We are only interested in whether or not applicants receive callbacks. The 'call' column contains binary data, so we will use a binomial distribution. Also, as we have two separate populations, we will be using a two sample test. Lastly, because our each of the population size is greater than 30, we will be using a z-test.

The Central Limit Theorem still applies because we have a large enough sample size (4000+ resumes).

## 2. What are the null and alternate hypotheses?

**Null hypothesis:** Race does not have an impact on the rate of callbacks for resumes.

**Alternate hypothesis:** Race does have an impact on the rate of callbacks for resumes.

## 3. Compute margin of error, confidence interval, and p-value. Try using both the bootstrapping and the frequentist statistical approaches.

We will be using a 95% confidence level to calculate the margin of error, confidence interval, and p-value.

### Bootstrapping

In [3]:
def calculate_prob(data):
    """Calculate probability (value / size of array)"""
    
    size = len(data)
    
    # Initialize empty array
    prob_array = np.empty(size)
    
    # Calculate probability and store in array
    for i, x in enumerate(data):
        prob_array[i] = x / size
        
    return prob_array

In [4]:
w = data[data.race=='w']
b = data[data.race=='b']

# TOTAL NUMBER OF CALLBACKS
w_sum = sum(w.call)
b_sum = sum(b.call)


# CALLBACK PROBABILITY
w_prob = w_sum / len(w)
b_prob = b_sum / len(b)
prob_diff = w_prob - b_prob


# GENERATING SAMPLES
w_sample = np.random.binomial(len(w), w_prob, size=len(w))
b_sample = np.random.binomial(len(b), b_prob, size=len(b))

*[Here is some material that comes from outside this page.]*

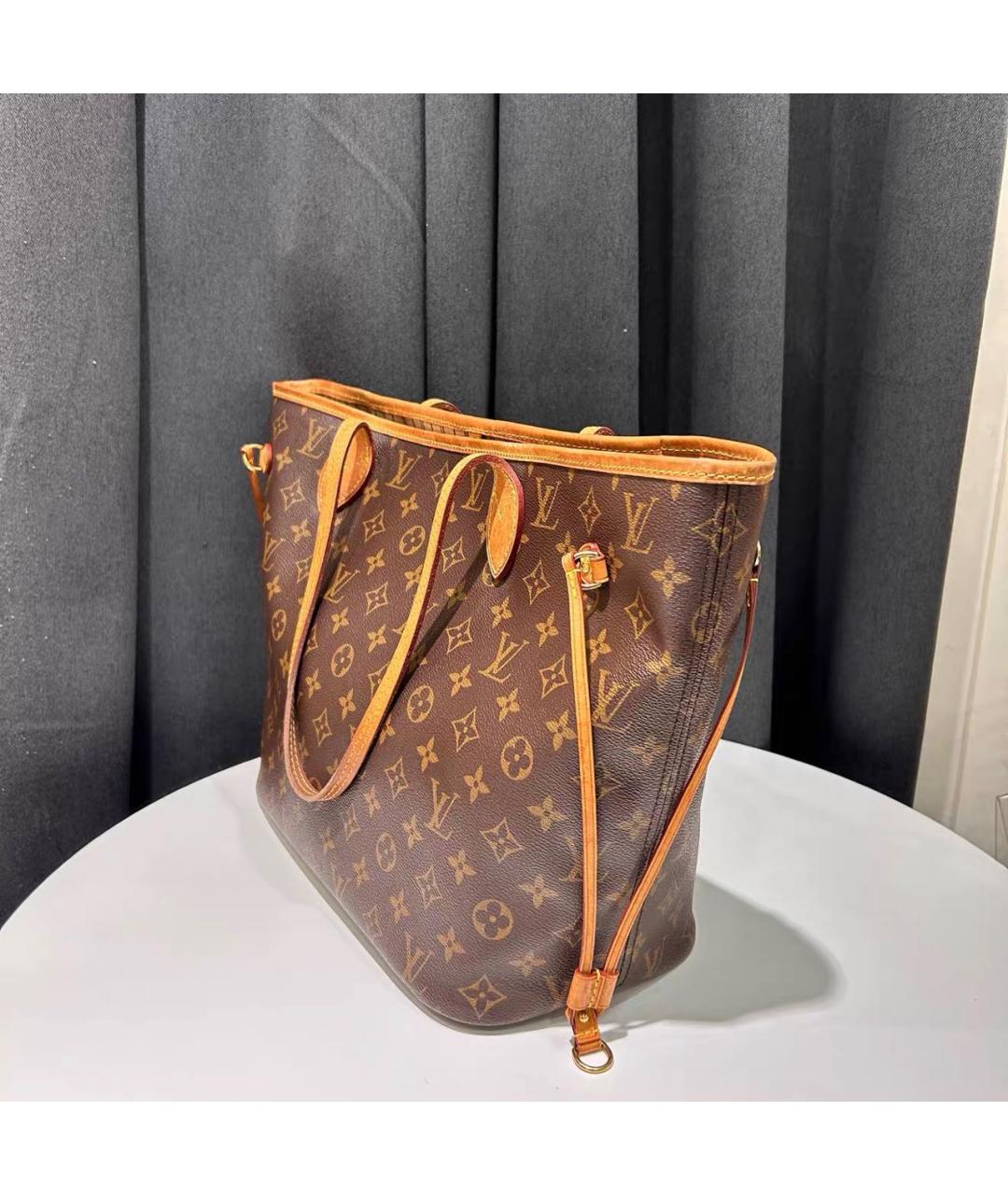 LOUIS VUITTON Коричневая кожаная сумка тоут, фото 3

# CALCULATE CALLBACK PROBABILITIES ON ABOVE SAMPLES
w_sample_prob = calculate_prob(w_sample)
b_sample_prob = calculate_prob(b_sample)
prob_differences = w_sample_prob - b_sample_prob


# SHIFT BOTH ARRAYS SO THEY HAVE THE SAME MEAN (SINCE WE ARE ASSUMING THEY HAVE IDENTICAL CALLBACK PROBABILITIES)
mean = np.mean(prob_differences)
w_shifted = w_sample_prob - np.mean(w_sample_prob) + mean
b_shifted = b_sample_prob - np.mean(b_sample_prob) + mean
prob_diff_shifted = w_shifted - b_shifted


# MARGIN OF ERROR
se = math.sqrt((w_prob * (1 - w_prob)) / len(w) + (b_prob * (1 - b_prob)) / len(b))
margin_error = 1.96 * se
print('Margin of error:', margin_error)


# CONSTRUCT CONFIDENCE INTERVAL
conf_int = np.percentile(prob_differences, [2.5, 97.5])
print('Confidence interval:', list(conf_int))


# FIND P-VALUE
p = np.sum(prob_diff_shifted >= prob_diff) / len(prob_diff_shifted)
print('P-value:', p)

Margin of error: 0.015255406349886438
Confidence interval: [0.017248459958932233, 0.04722792607802875]
P-value: 0.0


### Frequentist statistical testing

In [5]:
# GET P-VALUE
std_err = math.sqrt((w_prob * (1 - w_prob)) / len(w) + (b_prob * (1 - b_prob)) / len(b))
mrgn = 1.96 * std_err
z = (prob_diff - 0) / std_err
p = stats.norm.sf(abs(z)) * 2

print('Margin of error: ', mrgn)
print('Confidence interval: [', prob_diff - mrgn, ',', prob_diff + mrgn, ']')
print('P-value:', p)

Margin of error:  0.015255406349886438
Confidence interval: [ 0.016777447859559147 , 0.047288260559332024 ]
P-value: 3.862565207522622e-05


## 4. Write a story describing the statistical significance in the context or the original problem.

While it is no surprise racial discrimination is still prevalent, we wonder how much of an impact it has on job applications.

We have a relatively large sample of resumes collected (4870) and assigned similar resumes to two different racial groups, some to white-sounding names and the remaining to black-sounding names. Looking at just the callback success, we performed a hypothesis test.

Assuming race does not impact the probability of receiving a callback, we figure out what is the likelihood of getting the difference in callback probabilities from the sample (about 3.2%). A p-value of 0.00003 informs us the 3.2% difference is extremely unlikely to occur if race does not affect callback success.  The results lead us to believe that unfortunately, racial discrimination is still an issue in the U.S. job market. 

Having a black-sounding name attached to a resume will decrease the likelihood of the applicant getting callbacks from potential employers.

## 5. Does your analysis mean that race/name is the most important factor in callback success? Why or why not? If not, how would you amend your analysis?

While race does affect callback probabilities, it might not be the only factor that impacts the likelihood of getting a callback. Despite being in the 21st century, gender inequality is still an existing problem. Gender may very well have an impact on callback success as well, especially in STEM fields. Level of education may play a hand too. I would perform hypothesis tests to determine whether sex and level of education have effects on callback probabilities.